La politica rimane fuori dalla porta, le polemiche anche: si parla solo di musica. Perché la sfida è di quelle che non ammettono distrazioni. E perché Francesco De Gregori, che l’11 giugno ha debuttato alle Terme di Caracalla a Roma con il De Gregori & Orchestra – Greatest Hits Live, di essere tirato per la giacchetta non ha nessuna voglia. Inutile pungolarlo sull’assenza in scaletta di una delle bandiere della sua produzione, quella W L’Italia, considerata il suo atto di amore e speranza nei confronti del Bel Paese.
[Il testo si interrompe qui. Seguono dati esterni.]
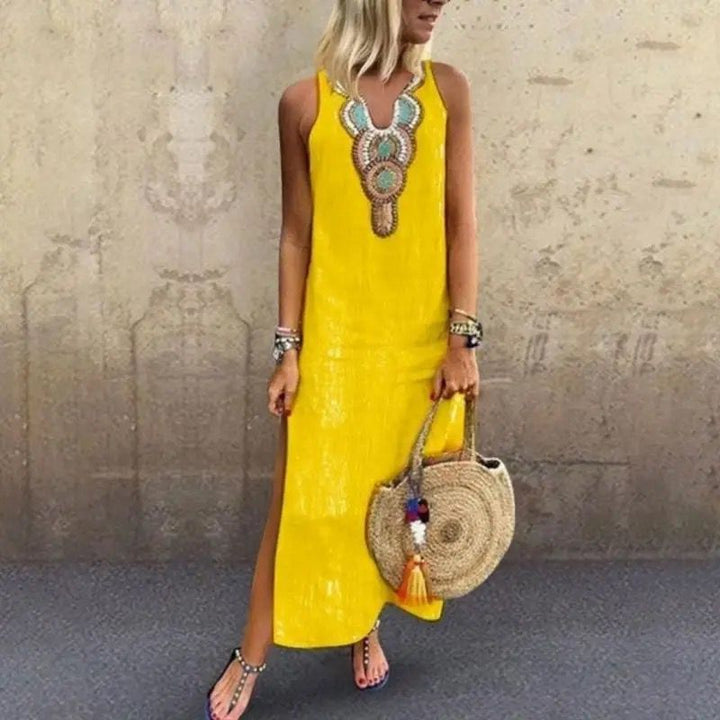 Bernadeth | Boho Sleeveless Dress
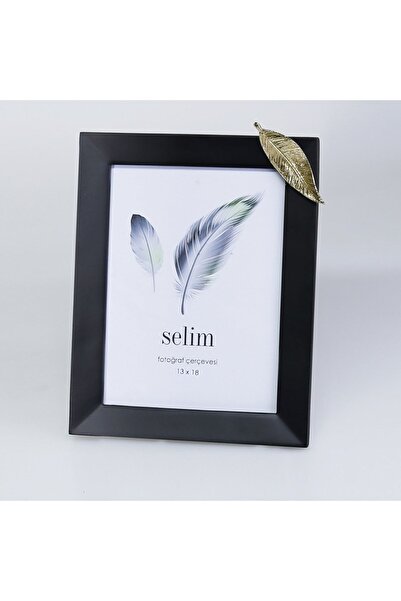 Selim Декоративна рамка с листа 13x18, черно-златна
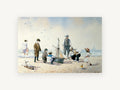 Boys and Their Boat, coastal canvas wall art print, front view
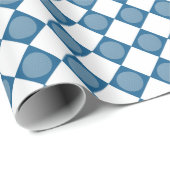 Blauw Argyle Golfpatroon Inpakpapier (Rol Hoek)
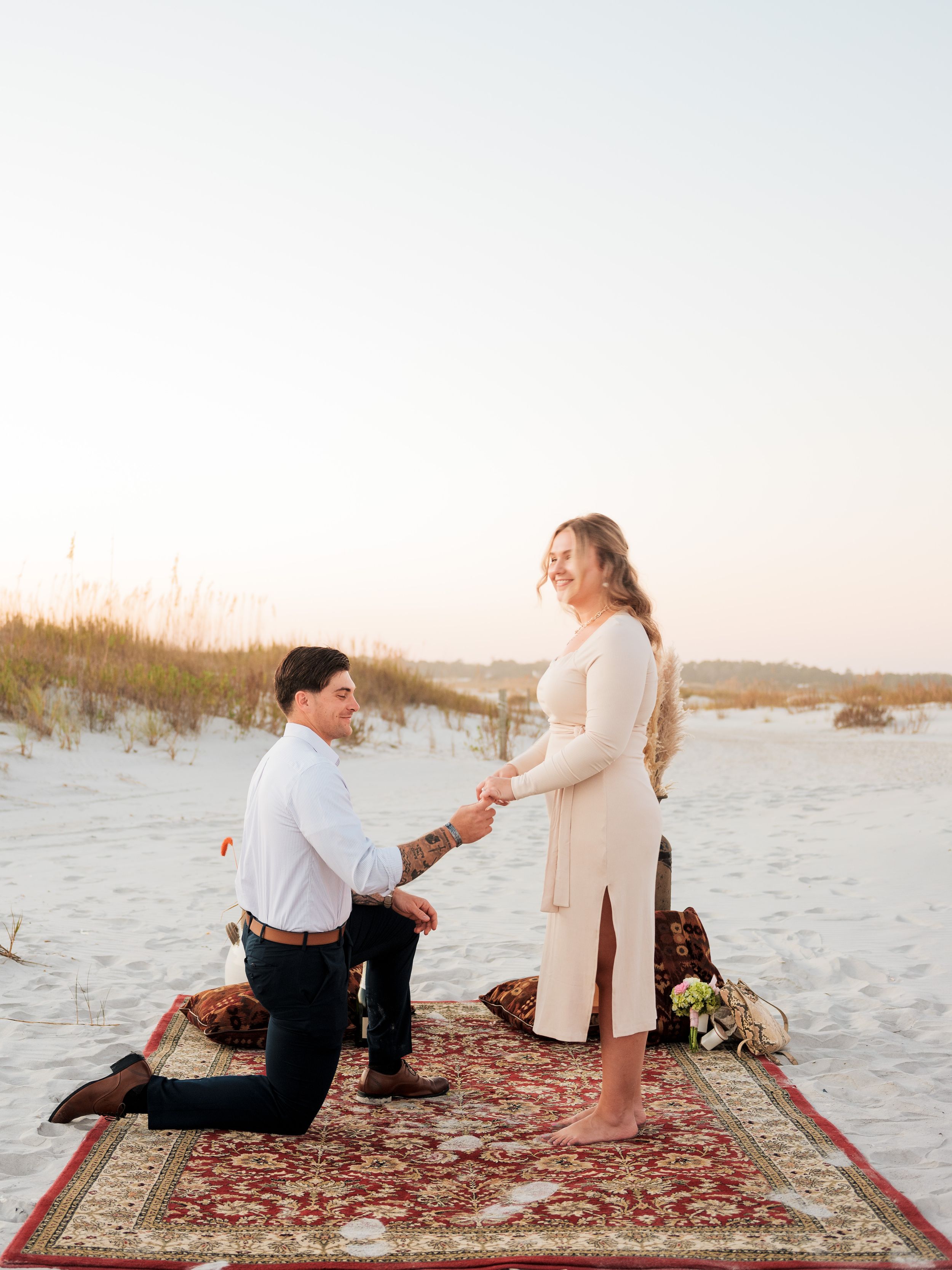 Boho Beach Engagement Session | Wilmington Engagement Photographer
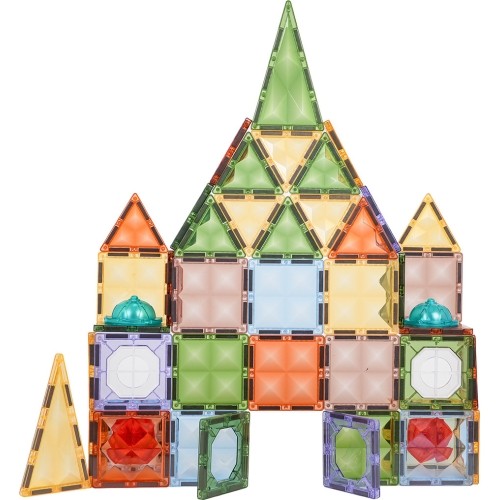 3D Magnetic Blocks Set with Backlight, 75 pcs.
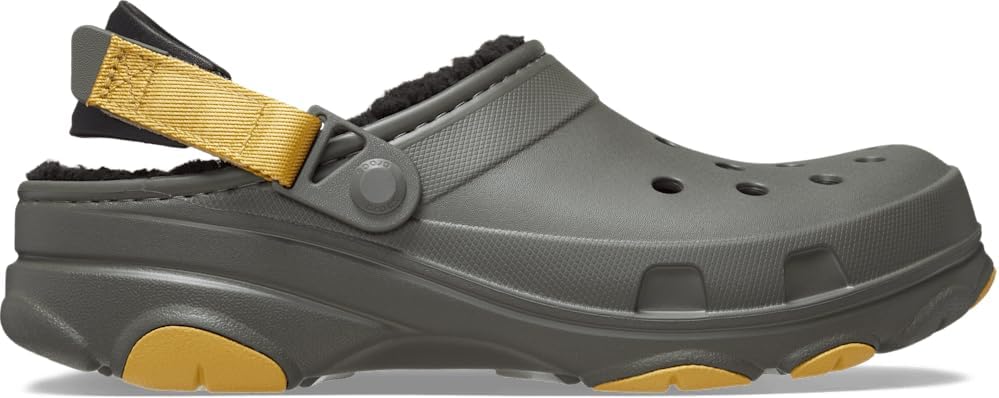 Кроксы для взрослых с подкладкой и регулируемым ремешком на пятке Crocs, оливковый — фото 2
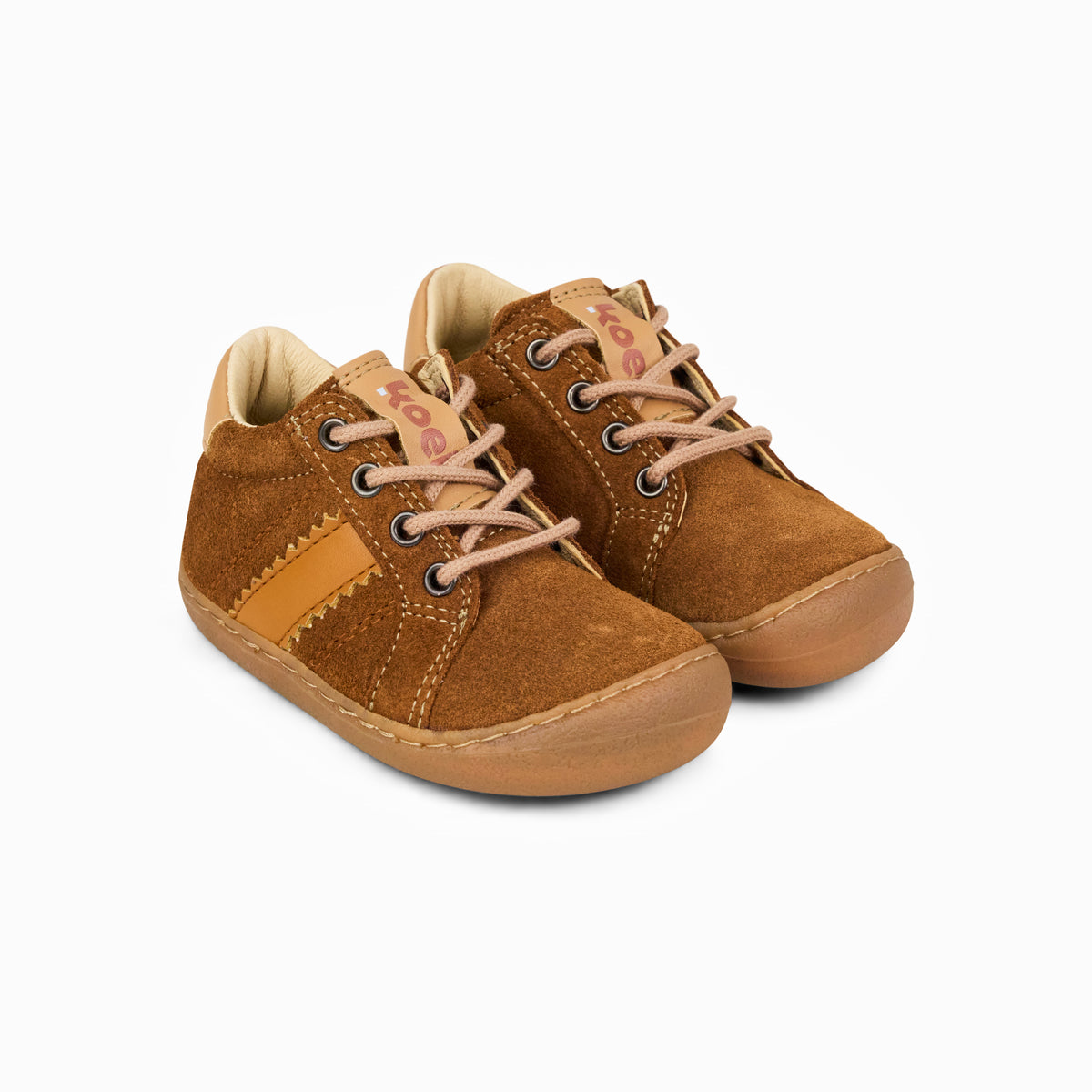 BLAKE Suede – Klassischer Schnür-Barfußschuh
“E’ un brano molto assertivo, pugnace, con il dito puntato: non me la sento di farla in questo momento”, taglia corto e a chi gli fa notare di tirarsi indietro lui ribatte: “non voglio esporre banalmente delle cose”. E allora, a quasi tre mesi dall’esperienza al Teatro Garbatella, tutta l’attenzione torna alla musica, alle canzoni: ventidue quelle in scaletta (che rimarrà pressoché fissa per tutto il tour), “le più adatte a compenetrarsi con l’orchestra” (sacrificati dunque i pezzi più ritmici), con l’apertura tutta strumentale affidata a Oh Venezia. Torna anche Pablo, “che trova la giusta dimensione con l’orchestra, ma non è un pezzo ideologico e io non sono diventato un rivoluzionario, era ispirato ai Malavoglia e agli ultimi nel mondo”.
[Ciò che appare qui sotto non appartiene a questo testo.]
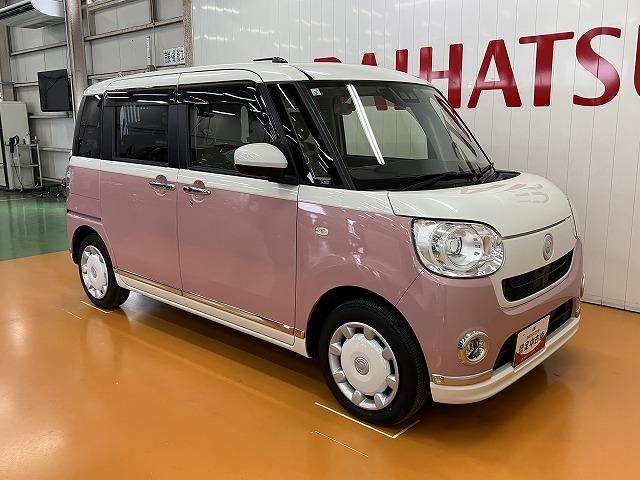 ムーヴキャンバスＧメイクアップＶＳ　ＳＡIII４ＷＤ　サポカーＳワイド適合　ドラレコ　パノラマモニター対応　両側オートスライドドア　ステアリングスイッチ　ＵＳＢ接続端子　Ｐスタート　運転席シートヒーター　オートハイビーム　ＥＴＣ　置きラクボックス（神奈川県）の中古車
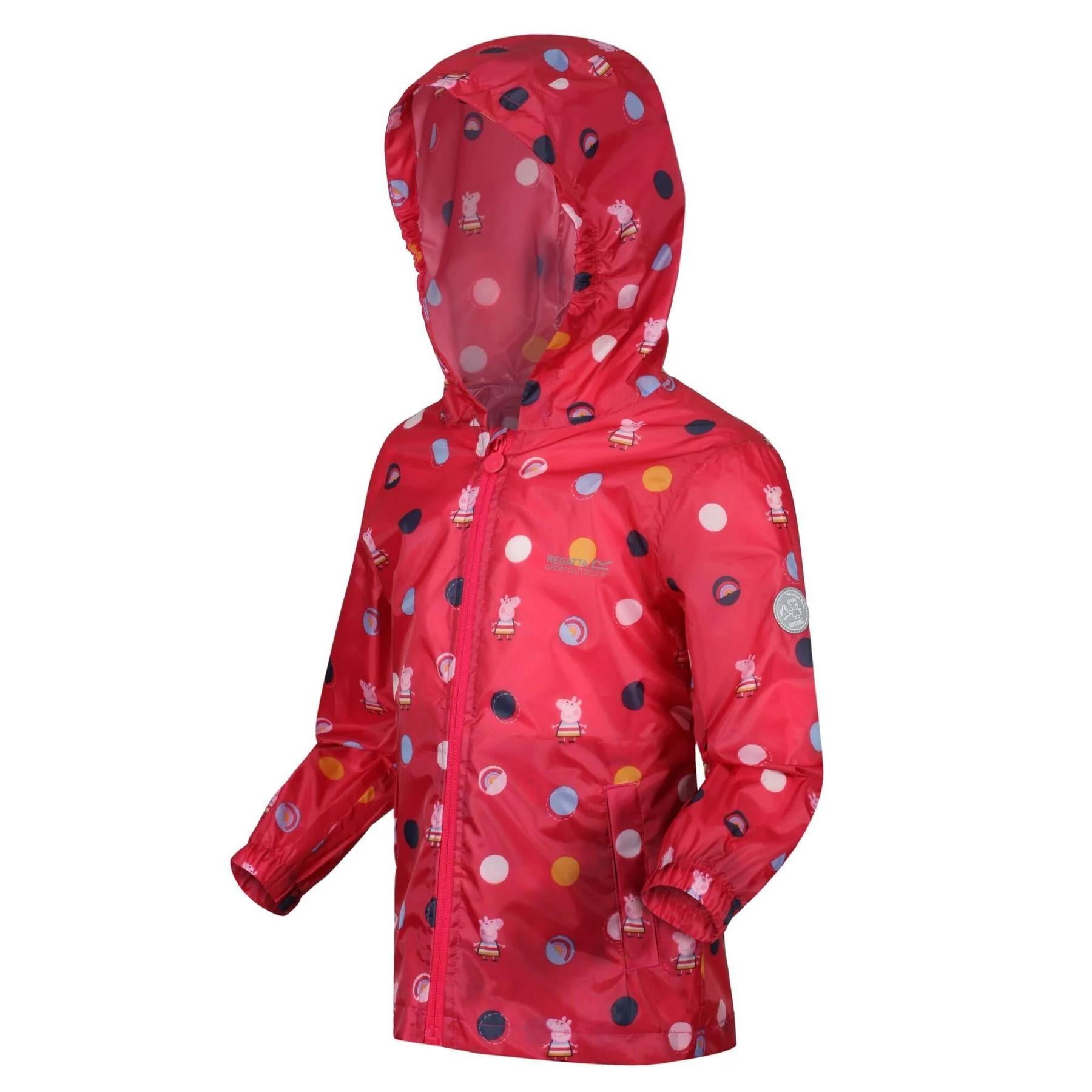 Regatta Kids Pack it Jacket III Lightweight Waterproof Packaway Jacket - Image 34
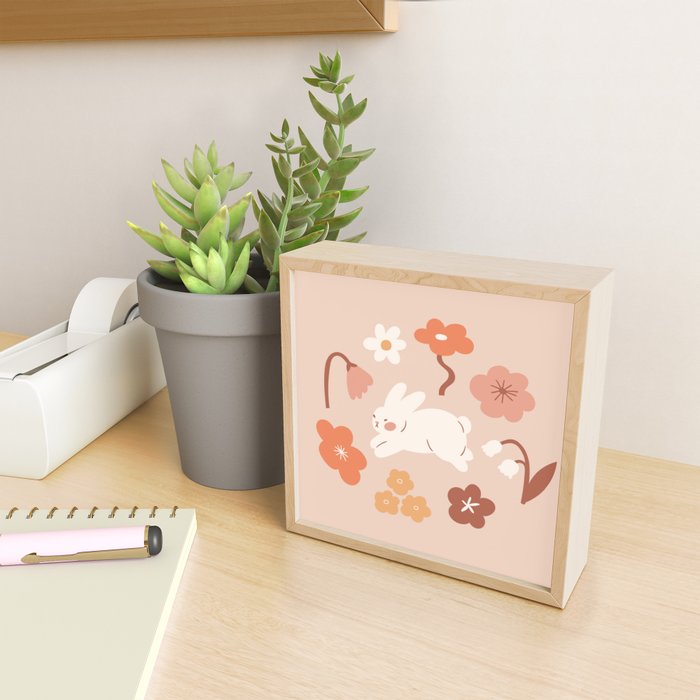 Cute bunny illustration Mini Art Print Gallery Image 2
Una nuova veste cucita addosso ai brani più di successo della sua lunga carriera. “Le canzoni sono qualcosa di vivo, non si può pensare che rimangano inalterate nel tempo. La musica è liquida, cambia. Sta all’onestà dell’interprete riconoscere i cambiamenti avvenuti e non imporre al pubblico il restauro di un tabernacolo: io non ci sono più, non ci sono più quegli impianti, quei musicisti. Panta rei”, spiega De Gregori “tranquillo” e “soddisfatto” poco prima di salire sul palco, accompagnato da Gaga Symphony Orchestra, Gnu Quartet e dalla sua storica band. “Non ho mai fatto una cosa del genere, ma a un certo punto un artista deve farsi tentare dal suono orchestrale – aggiunge il Principe -. E’ inevitabile: l’orchestra cambia tutto, produce timbriche e dinamiche già nascoste nelle canzoni, aumentandone le potenzialità e facendomi scoprire sorprese. Il mutamento è un privilegio delle canzoni rispetto ad altre forme espressive, come un quadro o un film. Chi scrive se lo può permettere e io me lo permetto”, afferma senza timore di essere smentito. Rifiuta però di essere considerato “storia”. “Mi sento un uomo di spettacolo, ho scritto canzoni che sono piaciute, alcune rimarranno più di altre, ma non voglio monumentalizzarle”. Chi vorrà sentire De Gregori con l’Orchestra dovrà inevitabilmente farlo in una delle tappe del tour, molte aperte da Tricarico. “Mi piacerebbe fare un disco dal vivo, ma non lo farò mai, perché sono stufo di fare dischi che non vendono e canzoni che non passano alla radio”, dice seccamente: “al massimo sarà per uso personale”.
Queste le prossime date del tour: 14 giugno Taormina (Messina), 28 giugno Lugano, 30 giugno Lucca, 5 luglio Rimini, 8 luglio Genova, 9 luglio Torino, 10 luglio Marostica (Vicenza), 16 luglio Firenze, 21 luglio Fasano (Brindisi), 23 luglio Soverato (Catanzaro), 25 luglio Palermo, 20 settembre Arena di Verona, poi dal 23 settembre tre date al Teatro degli Arcimboldi a Milano.